Companies are planning to flood MP3 channels with “spoofs” that have the title of real songs, but tell you when you try to play them that you have attempted to break copyright law.
Expect to start seeing a lot more of this in the near future. MP3s are starting to really hurt music sales in areas where people are most likely to do this (i.e., around college campuses).
I’m not going to get into the point/counterpoint of whether MP3s are good or not. The issue is simply “Is this hurting record sales, or isn’t it?”

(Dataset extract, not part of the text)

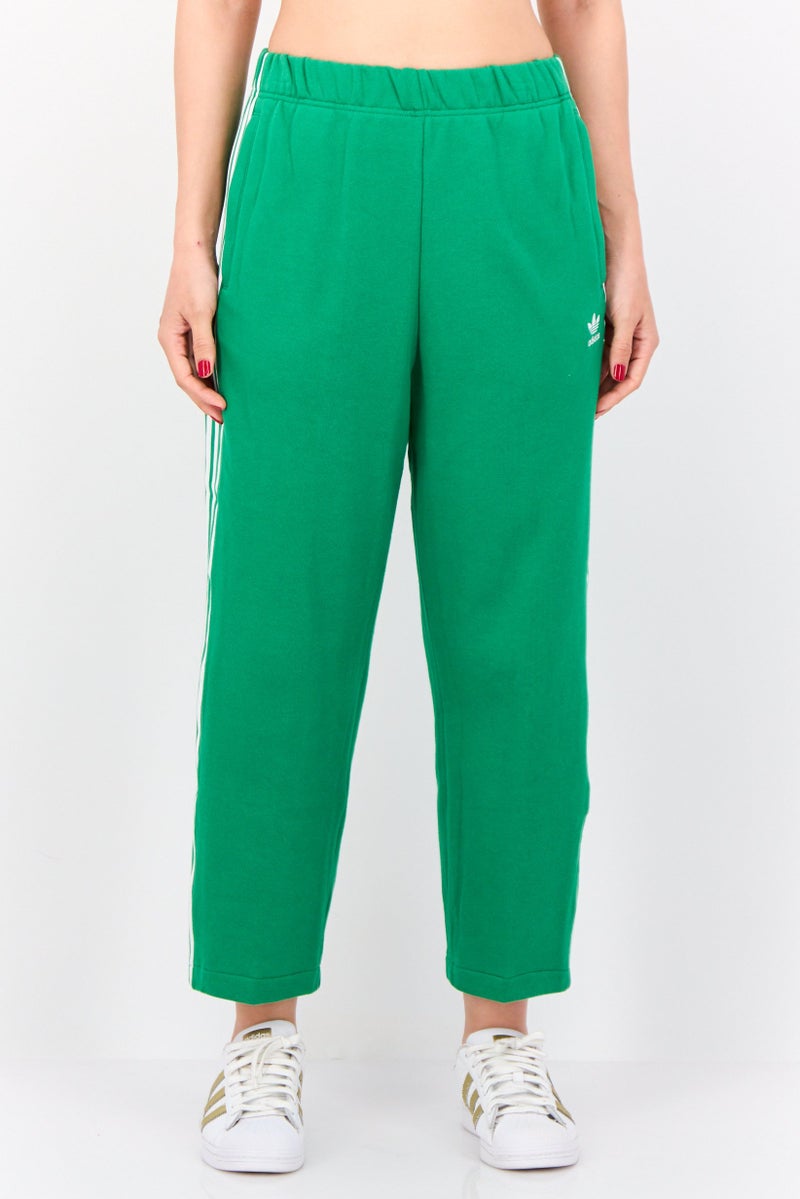 adidas Originals Women Sportswear Fit Brand Logo Outdoor Sweatpants, Green  - Image 1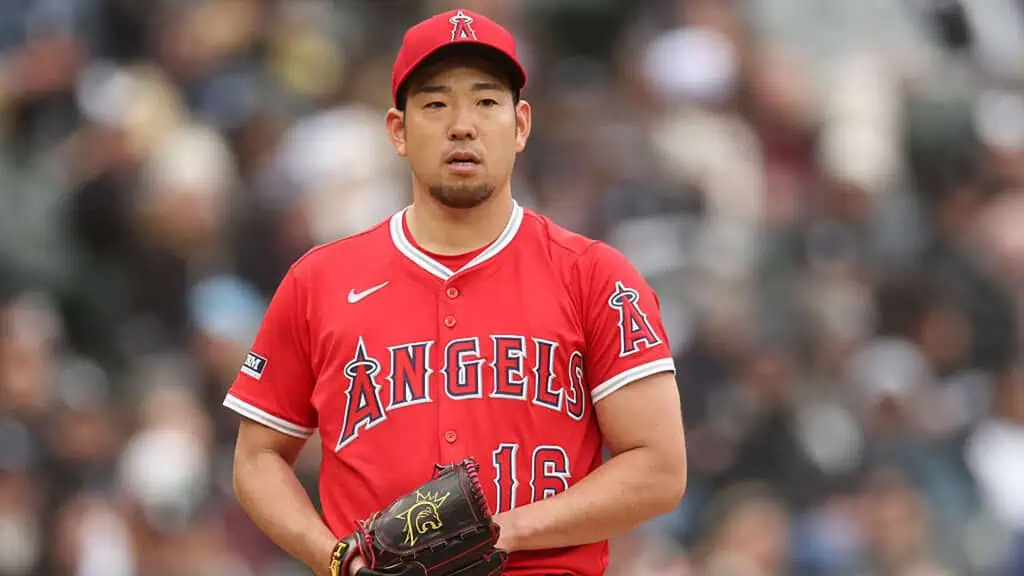 Los Angeles Angels vs Houston Astros Picks and Predictions June 20th 2025 2 A player in a red Los Angeles Angels jersey, number 16, stands on the mound, ready to pitch in a baseball game.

If 15-25 year olds buy a lot less music because MP3s are a “good enough” substitute (and that shouldn’t be too hard to determine); the music companies are going to fight back. Hard.
Some will try technological feats like the one mentioned. Wouldn’t be surprised if a couple on the fringes actually started incorporating real viruses into fake songs. Others will try to recruit your local law enforcement agencies and ISPs to start busting those a little too enthusiastic about spreading the wealth.
This is not to say tactics like that are going to kill the MP3 movement; it probably won’t. But I think you’re going to see the music industry shift their battle from a couple courtrooms into the trenches, much as with software.
Maybe Not, But Is This Realistic?
You may have heard about the potential deal one big music provider (Bertelsmann) is trying to make with Napster. Essentially, it’s a subscription deal, for $25 a month, you get to play with their music.
The concept (paying $X a month for access) seems to be a reasonably compromise between paying $15 for a CD just to get a song or two you like, and paying absolutely nothing for anything, but I also suspect most MP3 users aren’t going to buy it.
However, I think the cost of free music is going to go up in the near future, with more hassle, and more risk, as those who make the music fight back.